Reading Directly into Variables

If there is one feature I do miss not having in Rust, it is something akin to C's scanf or D's readf, which permits you to read directly into variables without the necessity of having an intermediate string representation of your input. I'm picturing something in Rust like a "read!" macro, which would provide for similar behavior. Has there ever been any discussion surrounding the addition of such a feature and, if so, has it been rejected as incompatible with the language in some way?

There's a number of crates implementing things like that. Personnally I prefer non-interactive interfaces with every options in the command line or in a configuration file, so I never used them.

If you don't need formatted input, the helper function is really simple (I think most of us have written it at some point).

fn input() -> std::io::Result<String> {
    let mut buffer = String::new();
    std::io::stdin().read_line(&mut buffer)?;
    Ok(buffer)
}

let i: u64 = input()?.trim().parse()?;
For fun:
// renaming the function above to `input_string`
fn input<T>() -> anyhow::Result<T>
where
    T: std::str::FromStr,
    T::Err: std::error::Error + Send + Sync + 'static,
{
    Ok(input_string()?.trim().parse()?)
}

The thing is, this is something that people mainly use for solving toy problems, such as homework assignments and competitive programming puzzles. Real-world programs that ever read from standard input:

  1. should by and large be generic and accept any Reader internally (so as to support standard input, file input, piping, getting a remote URL, etc.); and
  2. their parsing tasks are usually way more complicated and subtle than needing "an integer" or "a string"; they usually feature full-fledged parsers for one format or another (JSON, CSV, you name it).

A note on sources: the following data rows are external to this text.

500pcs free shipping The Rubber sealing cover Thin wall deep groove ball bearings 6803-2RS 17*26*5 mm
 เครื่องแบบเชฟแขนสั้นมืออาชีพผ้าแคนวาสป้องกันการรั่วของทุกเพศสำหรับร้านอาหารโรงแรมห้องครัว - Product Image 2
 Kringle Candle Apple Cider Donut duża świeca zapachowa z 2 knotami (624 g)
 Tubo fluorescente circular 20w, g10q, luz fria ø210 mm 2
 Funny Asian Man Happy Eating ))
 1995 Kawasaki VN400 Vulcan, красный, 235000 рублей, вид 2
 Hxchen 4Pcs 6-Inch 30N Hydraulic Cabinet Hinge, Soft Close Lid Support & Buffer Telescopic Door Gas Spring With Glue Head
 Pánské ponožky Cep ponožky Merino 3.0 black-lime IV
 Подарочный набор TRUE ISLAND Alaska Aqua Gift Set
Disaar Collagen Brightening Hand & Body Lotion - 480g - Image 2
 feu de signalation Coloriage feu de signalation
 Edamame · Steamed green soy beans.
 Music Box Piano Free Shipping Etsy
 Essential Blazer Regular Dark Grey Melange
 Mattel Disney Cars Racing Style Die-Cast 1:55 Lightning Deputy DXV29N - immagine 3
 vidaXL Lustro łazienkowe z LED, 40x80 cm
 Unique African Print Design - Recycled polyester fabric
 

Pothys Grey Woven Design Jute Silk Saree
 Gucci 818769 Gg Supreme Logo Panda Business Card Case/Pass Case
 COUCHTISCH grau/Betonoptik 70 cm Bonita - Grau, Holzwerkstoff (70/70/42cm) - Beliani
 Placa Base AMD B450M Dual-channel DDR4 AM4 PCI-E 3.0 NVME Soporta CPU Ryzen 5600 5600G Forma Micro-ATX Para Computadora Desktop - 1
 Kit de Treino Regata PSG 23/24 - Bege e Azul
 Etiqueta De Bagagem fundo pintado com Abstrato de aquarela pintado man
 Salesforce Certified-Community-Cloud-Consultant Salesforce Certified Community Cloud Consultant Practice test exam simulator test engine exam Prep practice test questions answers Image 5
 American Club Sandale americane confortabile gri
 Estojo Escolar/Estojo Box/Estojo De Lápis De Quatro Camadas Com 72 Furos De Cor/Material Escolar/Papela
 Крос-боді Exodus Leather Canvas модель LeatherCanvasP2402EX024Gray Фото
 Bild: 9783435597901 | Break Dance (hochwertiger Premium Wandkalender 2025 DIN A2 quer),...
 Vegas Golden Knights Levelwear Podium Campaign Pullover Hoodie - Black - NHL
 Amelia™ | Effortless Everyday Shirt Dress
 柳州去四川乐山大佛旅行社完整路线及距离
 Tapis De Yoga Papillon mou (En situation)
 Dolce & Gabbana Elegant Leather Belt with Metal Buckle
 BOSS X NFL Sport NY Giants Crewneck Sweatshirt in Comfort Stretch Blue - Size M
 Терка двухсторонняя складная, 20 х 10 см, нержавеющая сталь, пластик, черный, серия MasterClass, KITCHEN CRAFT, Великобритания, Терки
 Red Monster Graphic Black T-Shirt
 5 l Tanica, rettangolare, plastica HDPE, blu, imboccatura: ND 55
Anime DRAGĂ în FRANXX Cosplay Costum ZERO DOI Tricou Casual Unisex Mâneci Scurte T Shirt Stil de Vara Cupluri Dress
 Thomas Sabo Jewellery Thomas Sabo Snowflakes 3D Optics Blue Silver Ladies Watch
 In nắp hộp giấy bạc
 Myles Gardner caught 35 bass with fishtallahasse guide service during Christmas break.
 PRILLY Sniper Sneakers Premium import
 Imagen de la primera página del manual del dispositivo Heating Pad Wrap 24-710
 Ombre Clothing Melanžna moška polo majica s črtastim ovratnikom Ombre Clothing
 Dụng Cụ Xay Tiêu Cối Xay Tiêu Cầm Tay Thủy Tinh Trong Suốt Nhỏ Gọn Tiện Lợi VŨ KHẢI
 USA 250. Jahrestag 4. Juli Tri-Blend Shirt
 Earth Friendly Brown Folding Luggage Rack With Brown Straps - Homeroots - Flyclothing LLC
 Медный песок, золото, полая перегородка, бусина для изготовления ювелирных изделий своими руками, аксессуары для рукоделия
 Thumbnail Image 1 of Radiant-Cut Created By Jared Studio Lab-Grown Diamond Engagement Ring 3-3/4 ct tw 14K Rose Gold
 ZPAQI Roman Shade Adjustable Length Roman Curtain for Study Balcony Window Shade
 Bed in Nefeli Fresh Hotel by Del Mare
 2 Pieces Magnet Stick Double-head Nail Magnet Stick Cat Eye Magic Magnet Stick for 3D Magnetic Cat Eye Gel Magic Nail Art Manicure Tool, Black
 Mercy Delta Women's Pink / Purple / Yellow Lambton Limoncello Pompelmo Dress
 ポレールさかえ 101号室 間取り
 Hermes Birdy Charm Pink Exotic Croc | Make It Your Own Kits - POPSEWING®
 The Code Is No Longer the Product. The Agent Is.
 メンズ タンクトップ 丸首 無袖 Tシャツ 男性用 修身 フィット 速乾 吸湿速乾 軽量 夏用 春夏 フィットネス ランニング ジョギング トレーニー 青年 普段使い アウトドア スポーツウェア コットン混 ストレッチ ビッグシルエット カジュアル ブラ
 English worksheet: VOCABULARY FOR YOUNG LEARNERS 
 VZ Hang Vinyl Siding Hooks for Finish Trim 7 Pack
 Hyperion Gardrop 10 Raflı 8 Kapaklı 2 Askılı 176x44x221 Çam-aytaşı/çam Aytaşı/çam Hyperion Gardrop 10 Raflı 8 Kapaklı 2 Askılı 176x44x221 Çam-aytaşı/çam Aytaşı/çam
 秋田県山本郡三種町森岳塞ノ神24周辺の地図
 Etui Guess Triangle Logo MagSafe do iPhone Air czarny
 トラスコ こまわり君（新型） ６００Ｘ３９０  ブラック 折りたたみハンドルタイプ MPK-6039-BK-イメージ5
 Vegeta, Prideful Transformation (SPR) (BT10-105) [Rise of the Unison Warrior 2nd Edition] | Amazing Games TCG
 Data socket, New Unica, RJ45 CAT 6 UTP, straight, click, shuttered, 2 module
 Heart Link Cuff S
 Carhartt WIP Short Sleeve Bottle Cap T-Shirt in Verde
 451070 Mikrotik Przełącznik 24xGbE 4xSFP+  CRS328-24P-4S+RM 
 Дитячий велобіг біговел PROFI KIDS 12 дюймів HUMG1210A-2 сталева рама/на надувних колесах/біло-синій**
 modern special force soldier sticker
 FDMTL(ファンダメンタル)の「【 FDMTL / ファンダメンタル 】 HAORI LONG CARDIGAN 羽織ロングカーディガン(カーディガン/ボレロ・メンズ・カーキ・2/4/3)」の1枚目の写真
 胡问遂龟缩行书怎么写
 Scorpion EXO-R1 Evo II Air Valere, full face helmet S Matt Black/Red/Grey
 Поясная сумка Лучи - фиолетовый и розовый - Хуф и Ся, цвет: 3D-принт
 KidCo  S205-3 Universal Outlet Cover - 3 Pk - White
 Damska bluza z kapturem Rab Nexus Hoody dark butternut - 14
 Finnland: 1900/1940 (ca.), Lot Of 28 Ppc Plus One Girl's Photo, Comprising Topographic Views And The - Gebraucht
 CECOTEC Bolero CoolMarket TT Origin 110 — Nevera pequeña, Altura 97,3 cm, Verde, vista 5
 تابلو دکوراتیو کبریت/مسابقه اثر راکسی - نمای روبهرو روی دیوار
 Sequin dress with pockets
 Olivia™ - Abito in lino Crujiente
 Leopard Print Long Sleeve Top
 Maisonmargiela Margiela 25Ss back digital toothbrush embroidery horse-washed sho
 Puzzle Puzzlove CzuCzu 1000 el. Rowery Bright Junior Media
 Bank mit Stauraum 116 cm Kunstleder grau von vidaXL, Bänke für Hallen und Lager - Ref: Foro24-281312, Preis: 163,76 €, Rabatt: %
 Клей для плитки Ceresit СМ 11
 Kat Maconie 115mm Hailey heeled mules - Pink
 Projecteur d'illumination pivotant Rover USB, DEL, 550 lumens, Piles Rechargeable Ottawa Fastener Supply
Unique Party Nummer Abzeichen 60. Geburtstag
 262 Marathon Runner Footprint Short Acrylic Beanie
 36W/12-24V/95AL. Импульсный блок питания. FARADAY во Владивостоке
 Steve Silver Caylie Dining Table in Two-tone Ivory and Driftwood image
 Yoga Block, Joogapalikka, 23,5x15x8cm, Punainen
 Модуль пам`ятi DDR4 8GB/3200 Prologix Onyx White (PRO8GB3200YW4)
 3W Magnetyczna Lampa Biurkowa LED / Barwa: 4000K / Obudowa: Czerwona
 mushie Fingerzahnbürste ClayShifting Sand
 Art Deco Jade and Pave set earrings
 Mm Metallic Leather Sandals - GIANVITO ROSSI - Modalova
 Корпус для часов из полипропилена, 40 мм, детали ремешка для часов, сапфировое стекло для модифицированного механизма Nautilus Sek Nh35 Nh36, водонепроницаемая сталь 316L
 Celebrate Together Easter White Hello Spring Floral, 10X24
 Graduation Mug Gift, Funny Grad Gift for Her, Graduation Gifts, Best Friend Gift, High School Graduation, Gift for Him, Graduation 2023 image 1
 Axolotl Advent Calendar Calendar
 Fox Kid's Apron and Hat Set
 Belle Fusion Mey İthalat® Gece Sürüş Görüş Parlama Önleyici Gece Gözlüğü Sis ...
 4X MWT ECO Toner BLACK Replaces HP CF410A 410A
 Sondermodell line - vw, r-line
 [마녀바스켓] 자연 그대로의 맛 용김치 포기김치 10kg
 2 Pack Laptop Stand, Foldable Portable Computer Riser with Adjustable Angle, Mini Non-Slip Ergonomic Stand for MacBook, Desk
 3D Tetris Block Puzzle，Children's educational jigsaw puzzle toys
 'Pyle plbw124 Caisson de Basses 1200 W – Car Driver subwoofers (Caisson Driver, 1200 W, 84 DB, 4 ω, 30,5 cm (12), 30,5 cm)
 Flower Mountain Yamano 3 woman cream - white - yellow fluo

Since the standard library provides both building blocks (reading into an unstructured string and parsing it generically), and putting them together is trivial (as demonstrated above), it's not really warranted to increase the stdlib API surface with such functions.


Actually, one more thing that comes to my mind is this: what should the error type be? Since there are two types of errors that can occur, it's not possible to express them using eiher <T as FromStr>::Err or as io::Error. One could either play fast-and-loose and wrap the <T as FromStr>::Err into an io::Error(io::ErrorKind::Other, …), which is not nice in a library, or create an entirely new error type just for this function, which offers a clear choice between the two cases. That would probably be an overkill.

4 Likes

Wrote a crate especially for you :wink:

P.S. It's closer to modern Pascal's readstring and readint or C's gets, not scanf.

@H2CO3, about errors. At the beginning, i tried to implement error like this

enum Error<T: core::str::FromStr> {
    A(std::io::Error),
    B(T::Err)
}

but &str is !FromStr. Then, i tried to implement trait with type Err;, that will be implemented for both T: core::str::FromStr and &str. It had to be type Err = T::Err; and type Err = core::fmt::Error;. So, the compiler told me that implementations for T: core::str::FromStr and &'a str are conflicting :dotted_line_face:

So i just made enum variants zero-sized.

No offense, but this is pretty bad.

let mut input = String::new();
if let Err(_) = std::io::stdin().read_line(&mut input) {
    $crate::ReadResult::Err($crate::ReadError::StdinError)
} else {
    unsafe {
        let ptr: *const str = input.trim_end();
        core::mem::forget(input);
        $crate::ReadResult::Ok(&*ptr)
    }
}

You're just allocating a string (same as the standard solution) and leaking memory. (same stands for the other branch)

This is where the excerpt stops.